Since 1976, William Tifft, a University of Arizona astronomer, has found that distant stars and galaxies have redshifts that typically differ from each other by only a few fixed amounts.21 This is very strange if stars are actually moving away from us. It would be as if galaxies could travel only at specific speeds, jumping abruptly from one speed to another, without passing through intermediate speeds. Other astronomers, not initially believing Tifft’s results, did similar work and reached the same conclusion—one that undermines the foundations of cosmology.

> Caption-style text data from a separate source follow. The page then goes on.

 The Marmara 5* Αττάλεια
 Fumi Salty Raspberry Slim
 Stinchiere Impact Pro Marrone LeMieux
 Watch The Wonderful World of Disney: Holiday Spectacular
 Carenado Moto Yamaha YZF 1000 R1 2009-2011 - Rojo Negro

All atoms give off tiny bundles of energy (called quanta) of fixed amounts—and nothing in between. So, Setterfield believes that the “quantization of redshifts,” as many describe it, is an atomic effect, not a strange recessional-velocity effect. If space slowly absorbs energy from all emitted light, it would do so in fixed increments, which would redshift starlight, with the farthest star’s light red-shifting the most. If the speed of light is decaying, we should soon see the redshifts of a few distant galaxies suddenly decrease. This may explain why two distinct redshifts have been seen in each of several well-studied galaxies;22 they are obviously not flying apart!

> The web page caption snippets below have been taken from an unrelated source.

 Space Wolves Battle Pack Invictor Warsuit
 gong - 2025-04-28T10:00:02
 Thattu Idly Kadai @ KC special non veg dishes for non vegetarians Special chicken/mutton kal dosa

Another surprising observation is that most distant galaxies look remarkably similar to nearer galaxies. For example, galaxies are fully developed and show no signs of evolving. This puzzles astronomers.23 If the speed of light has decreased drastically—or if space and its light were stretched out during the creation week, as proposed on pages 449–464—these distant, yet mature, galaxies no longer need explaining. Also, the light from a distant galaxy would have reached Earth not too long after the light from nearby galaxies. This may be why spiral galaxies, both near and far, have similar twists. [See Figure 10.]
A Critical Test. If the speed of light has decreased a millionfold, we should observe events in outer space in extreme slow motion. Here is why.

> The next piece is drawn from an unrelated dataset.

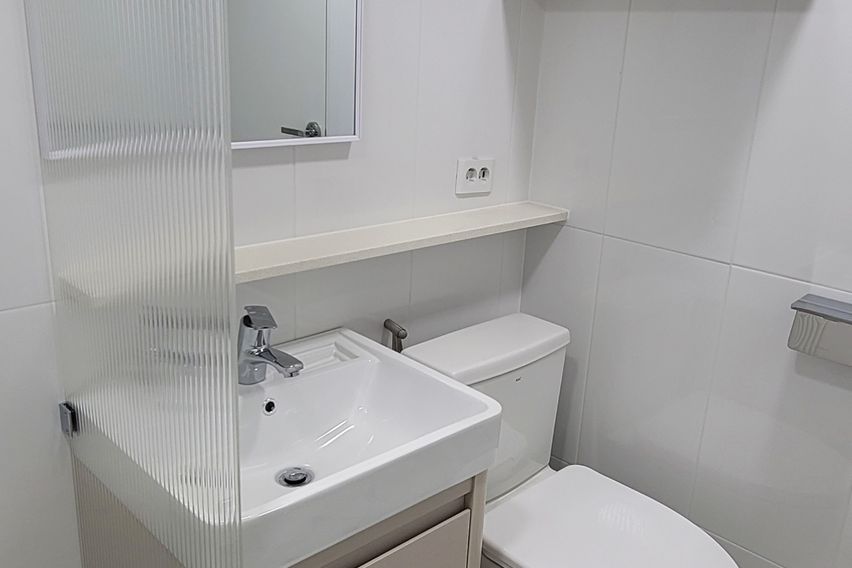 ☆창릉파크뷰3룸주차2대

Imagine a time in the distant past when the speed of light was a million times faster than it is today. On a hypothetical planet, billions of light-years from Earth, a light started flashing toward Earth every second. Each flash then began a very long trip to Earth. Because the speed of light was a million times greater than it is today, those initial flashes were spaced a million times farther apart than they would have been at today’s slower speed of light.
Now, thousands of years later, imagine that throughout the universe, the speed of light has slowed to today’s speed. The first of those light flashes —strung out like beads sliding down a long string—are approaching Earth. The large distances separating adjacent flashes have remained constant during those thousands of years, so the moving flashes slowed in unison. Because the first flashes to strike Earth are spaced so far apart, they will strike Earth every million seconds. We would see past events on that distant planet (the flashing of a light) in slow motion. If the speed of light has been decreasing since the creation, then the farther out in space we look, the more extreme this slow motion becomes.
About half the stars in our galaxy are binary; that is, each has a companion star. Both stars are in a tight orbit around their common center of mass. If the speed of light is decreasing, the “slow-motion effect,” should show the orbital periods of binaries decreasing with time and increasing with distance from Earth.